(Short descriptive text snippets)
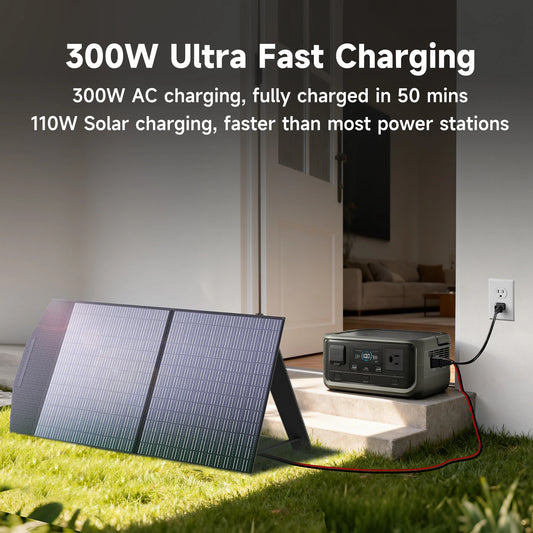 Solar Generator 256Wh Portable Power Station & SE100 100W Monocrystalline Solar Panel for Camping RV home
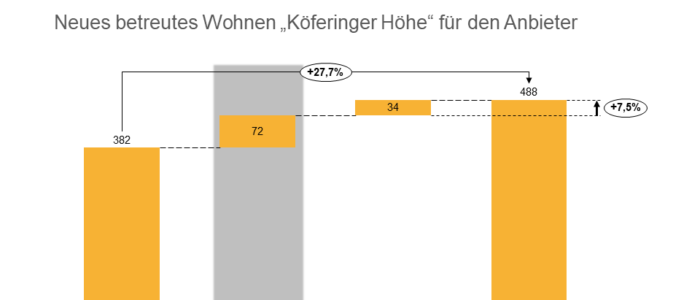 BayernCare kooperiert in Amberg mit Arche Noris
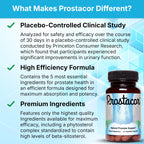 Prostacor Natural Prostate Support Supplement for Men, Vegan, Gluten-Free | Supports Healthy Urine Flow, Fewer Urges, Bladder Control, and Uninterrupted, Restful Sleep Through the Night, 30-Day Supply
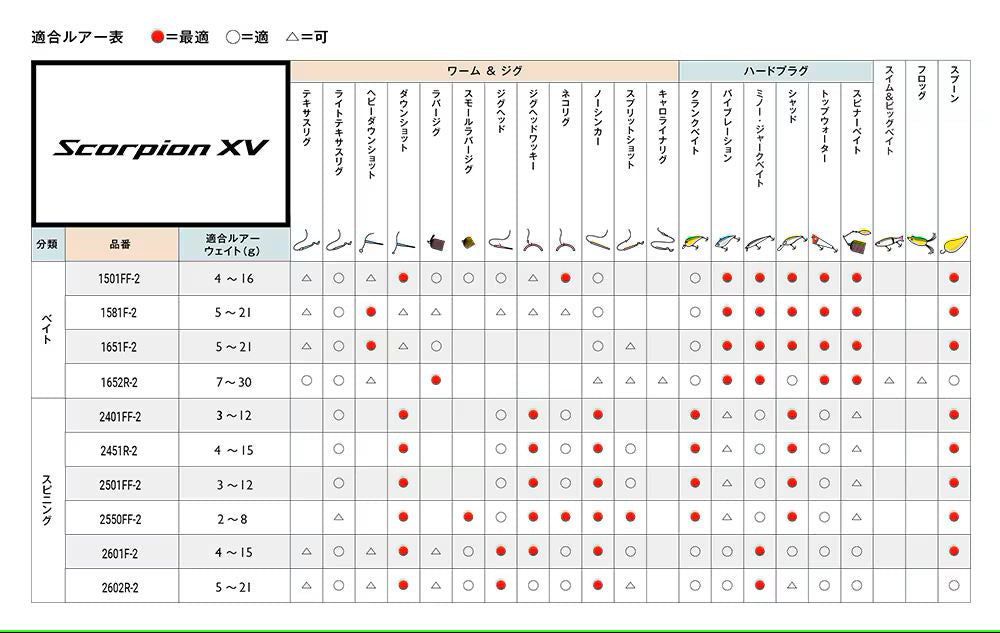 スコーピオンXV 1652R-2 ベイトモデル 1.98m ロッド(フリースタイル)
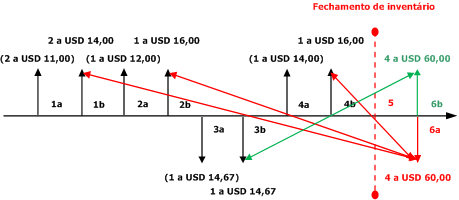 Weighted Average SS without Include Physical Value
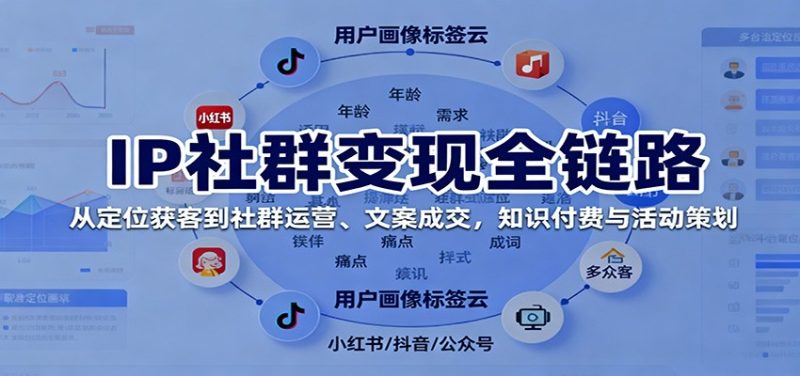 IP社群变现全链路,从定位获客到社群运营、文案成交,知识付费与活动策划-咖脉互联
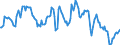 Indicator: Market Hotness:: Median Listing Price in Catoosa County, GA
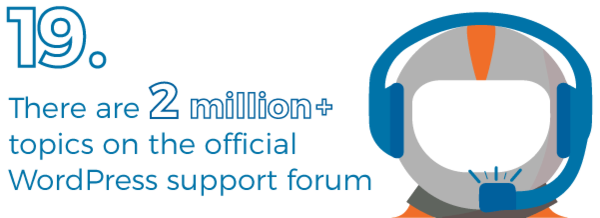 Topics on WordPress forum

--- Assigned task ---
Give again, unchanged, only the lines from the line containing "Weighted Average SS" to the last line of the records above. Pictures do not belong in the copy.

--- Response area ---
 Weighted Average SS without Include Physical Value
 IP社群变现全链路,从定位获客到社群运营、文案成交,知识付费与活动策划-咖脉互联
 Indicator: Market Hotness:: Median Listing Price in Catoosa County, GA
 Topics on WordPress forum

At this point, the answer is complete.